Almost as soon as micro-Bluetooth systems appeared in 2010, Seiko combined this technology with GPS in a watch.

This ultra-precise Tri-synchro regulator adjusts to the slightest acceleration or deceleration caused by shocks or sudden movements to obtain a stable reference value – the guarantee for this game-changing mechanical watch of a level of precision almost identical to that of a quartz movement. An automatic version was made public at the Baselworld fair in 2005 and officially launched later the same year at the Musée d’Orsay in Paris. Since then Seiko has introduced innovative quartz watches on a regular basis. Almost as soon as micro-Bluetooth technology appeared in 2010, the Japanese brand used it for the Astron GPS Solar, which connects to the GPS network to display the exact time in the wearer’s time zone without any outside adjustment.

Connected future

Since 2012 and the introduction of microscopic systems capable of connecting multiple electronic devices, cellphone manufacturers have been turning their attention to wristwatches that, as well as displaying the time, read and transfer data from a mobile phone. Some of these smartwatches are standalone, hence fully autonomous. They operate via an electronic system to relay information from a smartphone to apps such as a fitness tracker. These watches are powered by a conventional quartz calibre that incorporate various sensors and a Bluetooth connection. Others are unable to operate autonomously, making them effectively a wrist-borne extension of the user’s phone.

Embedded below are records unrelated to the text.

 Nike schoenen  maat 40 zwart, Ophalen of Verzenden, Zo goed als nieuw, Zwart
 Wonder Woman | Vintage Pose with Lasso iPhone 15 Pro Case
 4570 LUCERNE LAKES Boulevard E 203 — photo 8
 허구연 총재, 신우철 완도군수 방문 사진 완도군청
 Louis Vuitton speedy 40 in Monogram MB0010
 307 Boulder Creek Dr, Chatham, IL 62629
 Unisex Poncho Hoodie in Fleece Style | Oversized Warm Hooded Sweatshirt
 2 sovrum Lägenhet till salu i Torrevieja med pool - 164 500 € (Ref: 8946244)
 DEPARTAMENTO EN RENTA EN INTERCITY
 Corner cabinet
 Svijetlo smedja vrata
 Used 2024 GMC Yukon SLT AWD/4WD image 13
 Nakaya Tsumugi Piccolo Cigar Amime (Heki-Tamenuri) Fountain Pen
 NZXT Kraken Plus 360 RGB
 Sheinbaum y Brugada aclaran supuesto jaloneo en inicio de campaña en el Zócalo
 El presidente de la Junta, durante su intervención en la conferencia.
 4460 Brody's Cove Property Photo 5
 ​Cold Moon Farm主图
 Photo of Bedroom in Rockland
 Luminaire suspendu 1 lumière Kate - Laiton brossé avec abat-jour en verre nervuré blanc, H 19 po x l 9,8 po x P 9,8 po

With sales estimated at 20 million watches in 2018, Apple has shown that smartwatches are becoming a credible alternative to all-mechanical.

Successive generations of smartwatch have followed since the introduction of the first connected watch in 2012 and the first Apple Watch in 2014. The Swiss launched their offensive with the first “horological smartwatch”, the TAG Heuer Connected, in 2015. Also that year, the Geneva-based watch brand Frederique Constant presented its Horological Smartwatch, the first analogue quartz watch to include smart features. In January 2018, following its takeover by Citizen, the same Frederique Constant introduced a new generation of connected watches, this time driven by a classic automatic movement. The integration of increasingly miniaturised components suggests more hybrid developments in watchmaking to come. With sales estimated at 20 million watches in 2018, Apple has shown that design-sharp tech products are becoming a credible alternative to all-mechanical. Which doesn’t prevent fans of classic timepieces from wearing the watch that best suits them.